Citadel revolves around a global spy agency that is responsible for all the good things that have ever happened in the world. Untethered to any one country, the team – made up in part by Madden, Priyanka Chopra and Stanley Tucci giving his best Q – are good guys for hire. That is until the bad guys, Manticore, headed up by an icy Lesley Manville, kill every field agent except Madden and Chopra, with the pair going full amnesia, forgetting their pasts and identities.

Citadel is basically a fridge raid dinner of a spy property, taking bits from every existing franchise and throwing it together into a pot. There's Bond, naturally, in the form of Tucci's gadget wiz, hints of The Man from U.N.C.L.E with their global operation and Madden's hunky, empty shell of a secret agent ripped from the spec script of the Bourne franchise (something they even joke about).
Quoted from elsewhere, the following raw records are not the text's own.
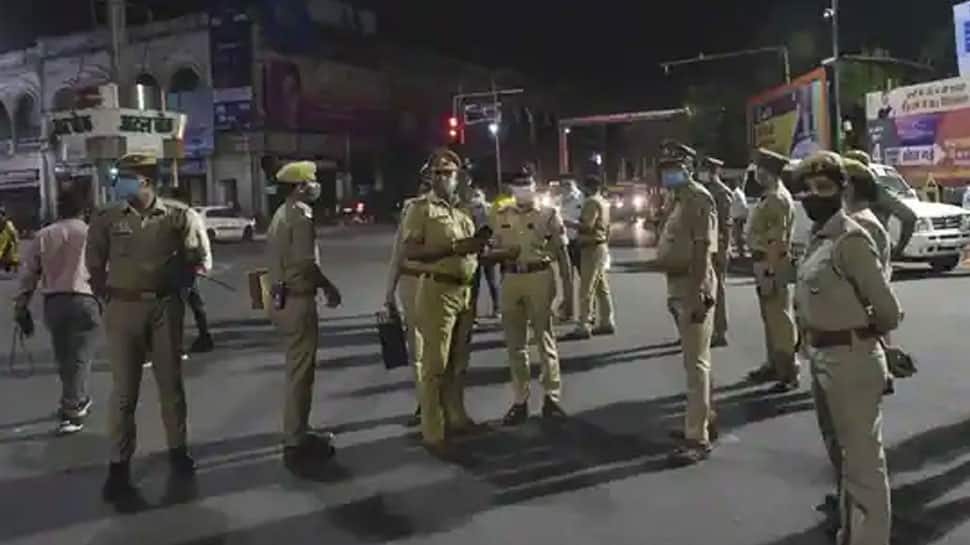 Night curfew in Lakhimpur till further notice
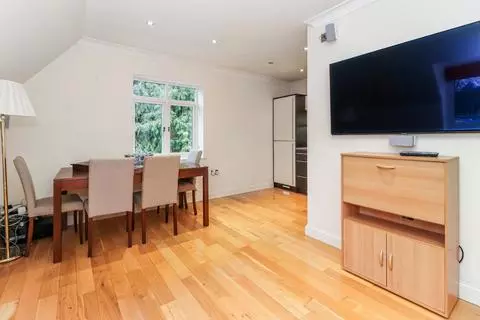 2 bedroom apartment for sale – pohled 4
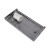 GRETA E27 DARK GREY 03019 Struhm Ideus Kinkiet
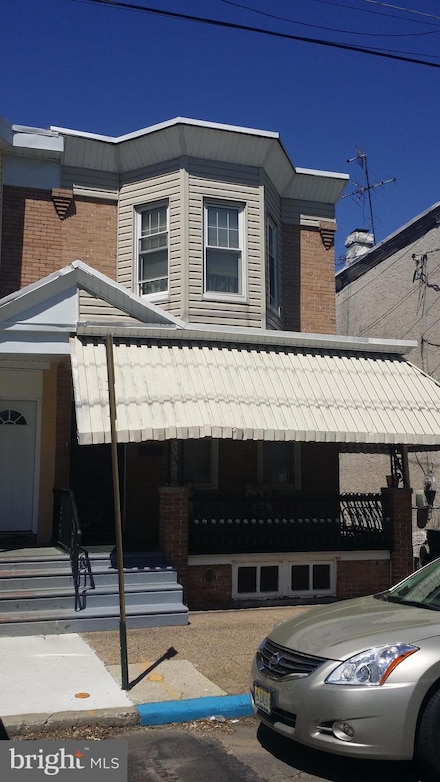 1185 Whitman Ave, Camden, NJ 08104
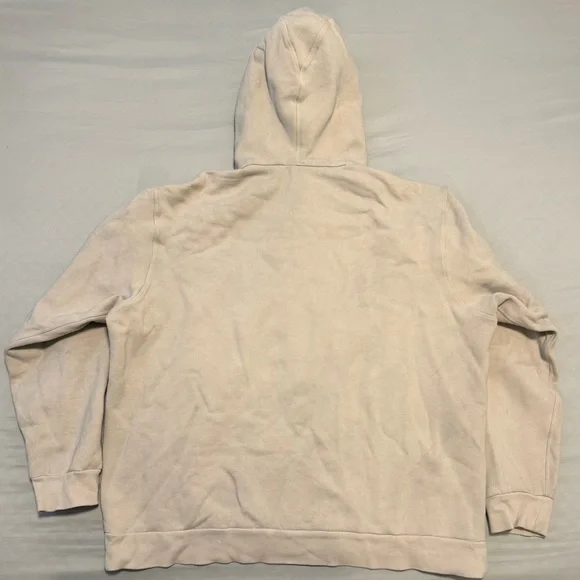 Lululemon Athletica Beige Hoodie - Picture 2 of 4
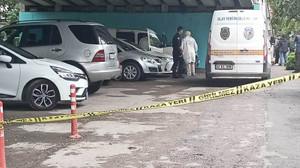 İzmit’te araç içinde ölü bulundu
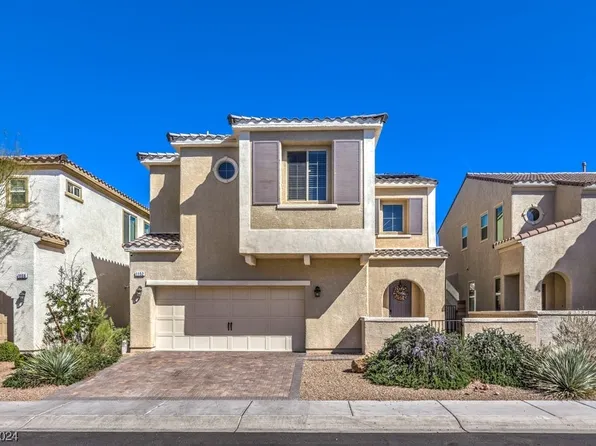 1152 Strada Pecei, Henderson, NV 89011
The memory loss thing comes and goes as Madden, who's actually called Mason Kane and who is willing to leave his new wife and child pretty easily in pursuit of his past, gets re-embroiled in the world of warring super spies. In time jumps back to the good ol' days of Citadel, we see him manoeuvring flashy hidden HQs full of neon blue touch screens and bantery agents speaking in quips, gun fights in snow-covered Soviet-style concrete mountain blocks and impressively choreographed stunt scenes (one involving paragliding down a mountain on skis that looks suspiciously like the hilariously cringe surfing scene in Die Another Day, Pierce Brosnan's final outing as James Bond).

Sophie Mutevelian/World Productions/Netflix

All this is to say, that if there was some kind of CV that you had to submit to the Brocolli family to be considered for Bond, Madden has the previous experience section down. Unbothered response to suffering from internal bleeding? Check. Ability to bed a woman within three minutes of knowing her? Check. Vague homoeroticism with the man who makes the poison dart pens? Also check. But Citadel, for all of the transferable skills it may offer, is a crude attempt at padding out a resumé. If Bond is some kind of high-level position, then Citadel is the babysitting job you had at 15 that you say gave you ‘experience managing subordinates and delegating tasks’.
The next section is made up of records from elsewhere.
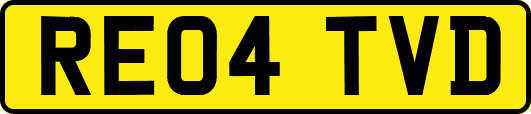 RE04TVD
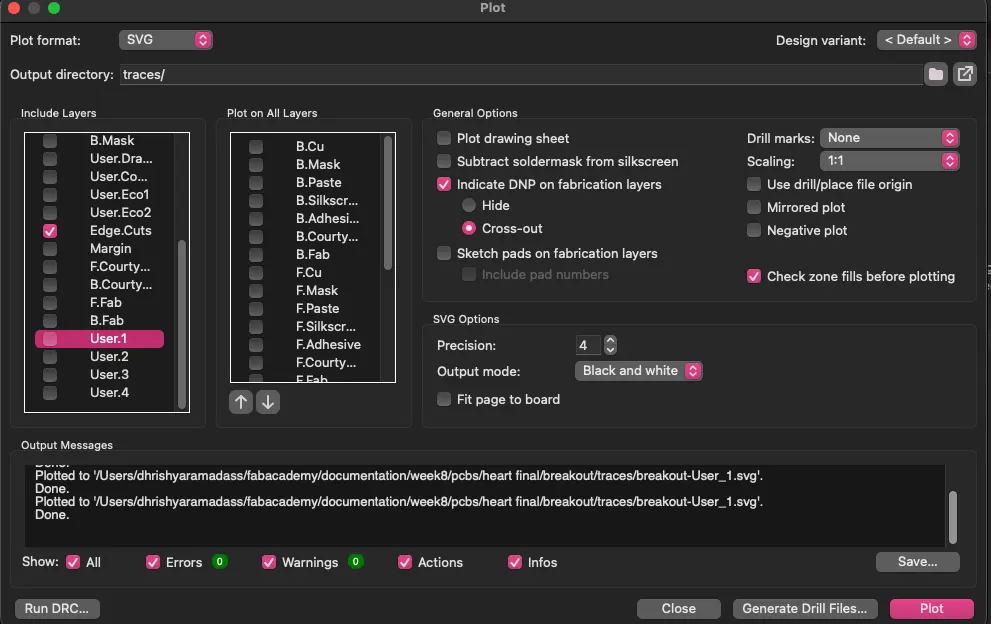 Kicad Export For Mods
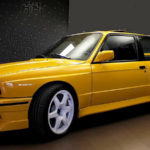 Catawiki BMW M3 E30-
The problem with doing something as on the nose as Citadel when it comes to Bond is that it makes any faults all the more glaring. With it being such a rip of classic genre motifs, the series gives us everything we expect; the seduction scenes, the fighting scenes, the world-altering mumbo jumbo uttered over an invisible earpiece. But they're all the worst versions of what we've come to enjoy. They're hammy, overly stylised, kind of cheap looking despite being part of one of the most expensive television shows of all time and, to put it plainly, just not that interesting. We've seen it all before and better, which makes it a disservice to someone like Madden.

Madden is compelling in Citadel, slightly dodgy American accent aside (which, of course, wouldn't be an issue if he ever was to don the famous suit), and honestly, his performance isn't such a disaster that a Bond offering, even now, would feel past its zeitgeist due date. But this isn't gonna be the thing that lands him the big job at MI6.

Citadel, starring Richard Madden, is streaming on Amazon Prime Video now.